Puede parecer extraño porque lo asociamos siempre a largas colas, a entradas que no conseguimos, a numerosos grupos, a poca ‘paz’. Y, sin embargo, su presencia, cada vez que lo veo o incluso sin verlo, me habla de que algo enorme, atractivo, destinado a la eternidad. A mí también me maravilla que sea mi lugar del corazón a pesar de estar construido en época de esclavitud, con dineros de guerras y conquistas, escenario de espectáculos sangrientos. Todo lo que me parece más alejado e incluso que no considero digno de ser humano se me hace presente pero sin vergüenza.
Creo que me consuela pensar que si todo ello, en sus ruinas, me saluda como un gigante bueno, es que el ogro que podría ver dentro o en los demás, también puede convertirse en un enorme compañero, un lugar entrañable. El Coliseo cura porque el dolor de sus años mozos, la impresionante arena, los miles de espectadores enardecidos, parecen redimidos por el tiempo, el olvido y las imponentes ruinas hasta recuperar una nueva vida en su rejuvenecida vejez.
Ritmo y circulación
Cada arco es un latido, una sístole de columnas y diástole de espacio, sin final, en un ciclo que se mantiene con un ritmo alegre. Por ellos, entran y salen la gran circulación de gentes que luego se distribuyen por todas las arterias de Roma, cada uno recorriendo la ciudad con el aire traído de la propia tierra. Lugar del corazón por ser centro que nos recoge a todos y desde el que todos salimos para nuestro camino.
En sus paredes, si presto atención, soy capaz de sentir el latir de los siglos, de tantos soles, de miedos e ilusiones, la aceleración de las emociones. Y mi corazón parece adecuarse a ese ritmo por empatía. Corazones al unísono en una armonía que puede existir, que busco incesantemente. Es cierto que pocas veces se da, que cuando la encuentro no siempre dura, pero aquí parece que es real, con el corazón en la mano, sin ambages o límites, a mi alcance.

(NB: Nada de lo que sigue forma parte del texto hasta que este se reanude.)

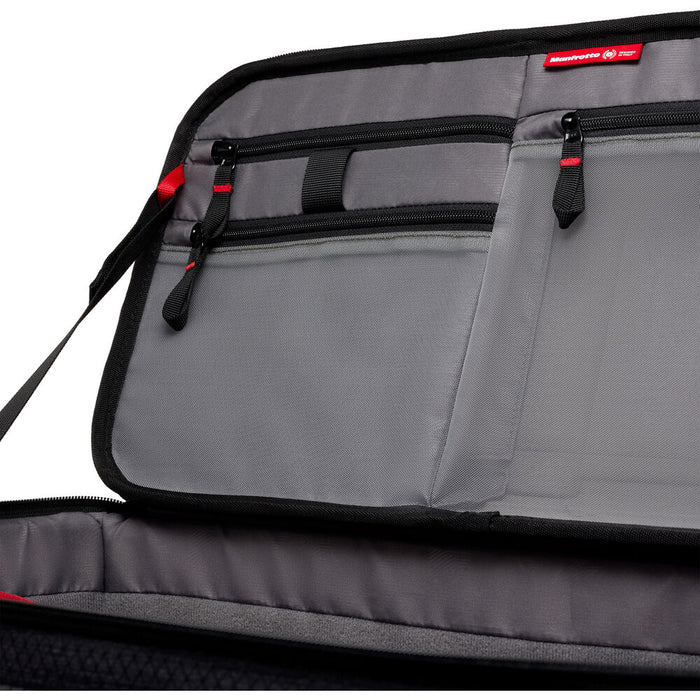 Manfrotto Pro Light Cineloader Bag, Medium - Black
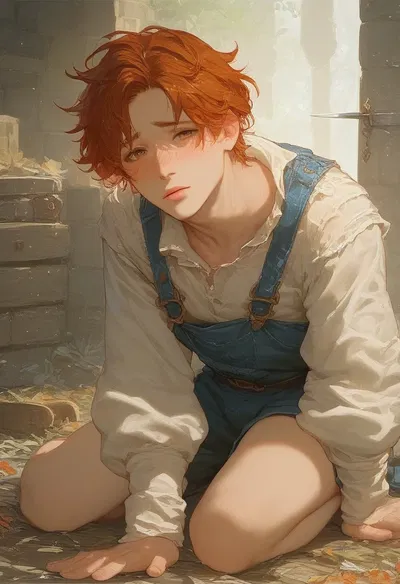 실수투성이 견습생 AI Roleplay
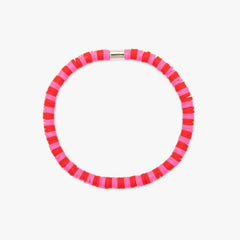 Cherry Pie Seascape Stretch Bracelet
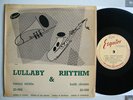 TOMMY WHITTLE - LULLABY & RHYTHM esquire 10in, listen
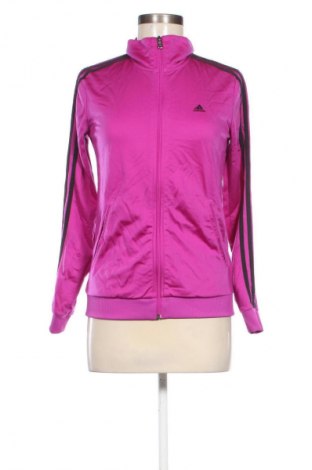 Bluză trening de femei Adidas, Mărime S, Culoare Mov, Preț 153,99 Lei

Un agujero, en lugar del corazón
El Coliseo es sobre todo un espacio, el vacío que llama, la ausencia o, como dice una canción, ‘el agujero que queda’, porque el corazón fue entregado. El Coliseo cura como conciencia de lo que di, de lo que ya no está y está bien que así sea. No es una ausencia nostálgica, sino rica de historia, que me habla de lo que él ha ido dando, despojado no solo de su piel de mármol o sus estatuas, sino, sobre todo, de su función. Un corazón de Roma entregado y quizás por eso, indestructible, puro espacio purificado por la abertura hecha con la lanza de la memoria y, por tanto, sin tiempo, ya sin prisas, me espera siempre.
Para mí, visitar el Coliseo es entrar en esos espacios vacíos, pero llenos de fuerza, heridas que el tiempo provoca, pero que siguen cumpliendo con su inicial misión: un lugar construido y entregado para que esos ríos de gente, auténtica sangre de Roma, se pudieran reunir y recibir impulso.
La antigua arena no está manchada con sangre condenada, está vacía de esa cruel circulación para que nos podamos acercar sin temor, sin culpas, sin castigo. Para curarme en este lugar del corazón, el espacio, los arcos, el aire, la osmosis entre interior y exterior, con muros que no cierran, son fundamentales.